This post got me thinking just how difficult it is to figure out how to report a bug. I mean, some people don't even know what a "bug" is. The OP says to look at how Mozilla does it. They call it sending "feedback." Even if you got that, you won't find anything on ubuntu.com. You have to dig into the wiki. Our website is in the same boat. And even if you figure out to use ubuntu-bug, the pages on the subject go on forever.

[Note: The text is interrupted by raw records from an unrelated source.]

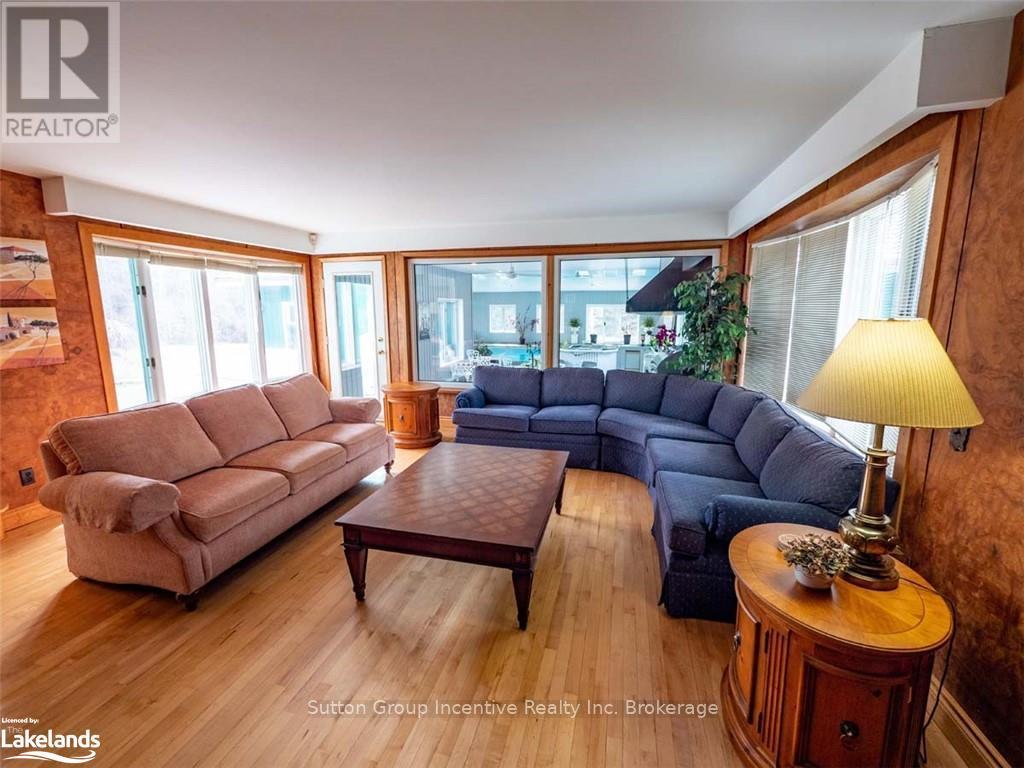 4361 12 S Property Photo 16
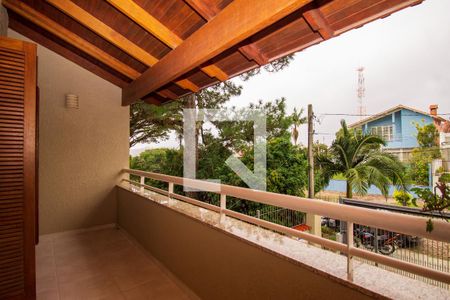 Casa à venda com 230m², 3 quartos e 4 vagas Casa à venda com 230m², 3 quartos e 4 vagasSacada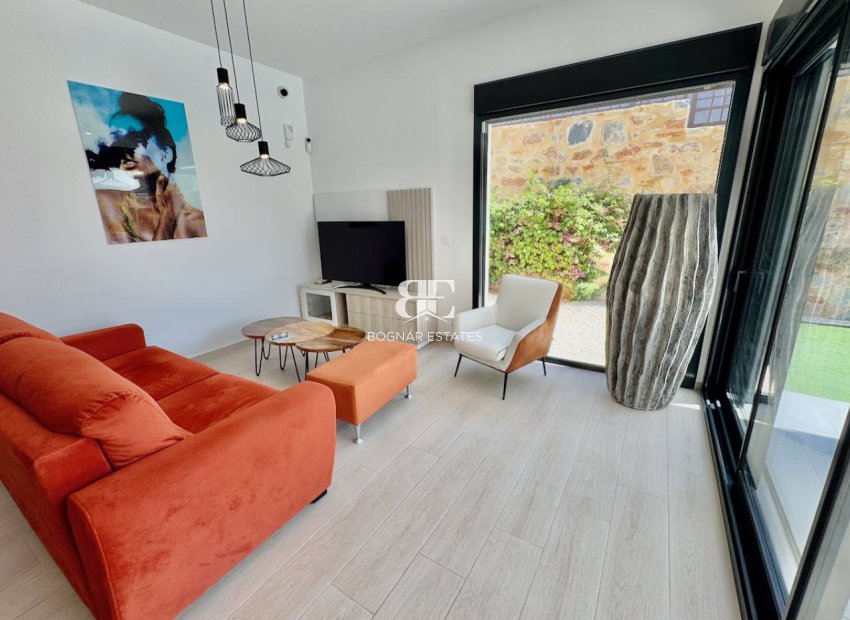 Herverkoop - Villa -
Algorfa - La finca Golf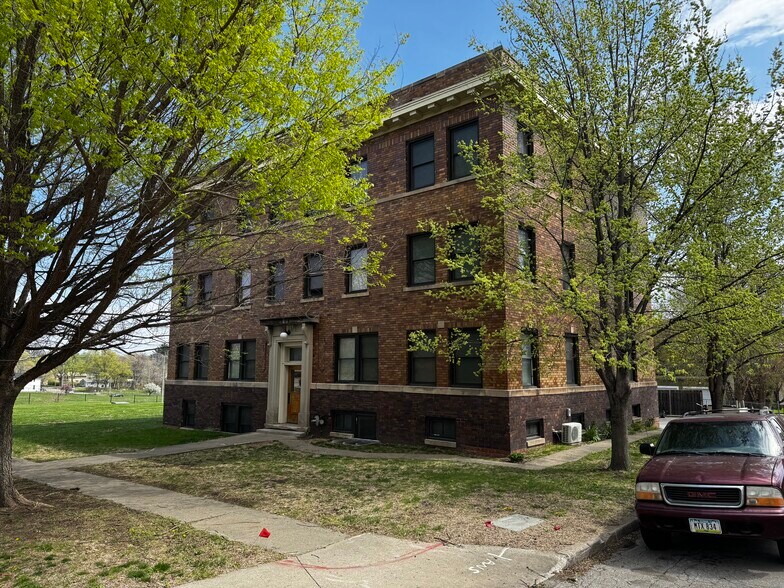 More Photos Of 933 18th St, Des Moines Apartments For Sale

To make it easy for Joe User to report a bug, we should walk them through it. There should be GUI elements to initiate the process. I'm thinking a simple interactive program (it could easily be a kdialog-powered shell script!) would do the trick. The workflow might be something like:
- Open program
- Provide information about bugs versus support and ask which they need
- If bug, continue
- If support, provide links
- Provide notice that a Launchpad account is required and ask if they need to create one
- If yes, do so and return
- If no, continue
- Explain we will collect information from the system to add to the bug report and check if they have experienced the bug on this machine. Ask them to reproduce it before continuing
- Tell them to be prepared to explain steps to reproduce, expected results, actual results
- Provide options to determine package
- If they know the package or program name, use a combination of binary names and/or Desktop Entry Name/GenericNames
- If they do not know the above, but it's running, provide an option to select a window
- If they have no clue, file a generic bug against meta
This could be on the Desktop by default, as well as in the menu, perhaps in an uncategorized state below About LXQt, so it stands out really nice. We could use a bug icon.
This is quite possibly something we could work on with other flavors, too.
I think getting this into 20.04 would be huge.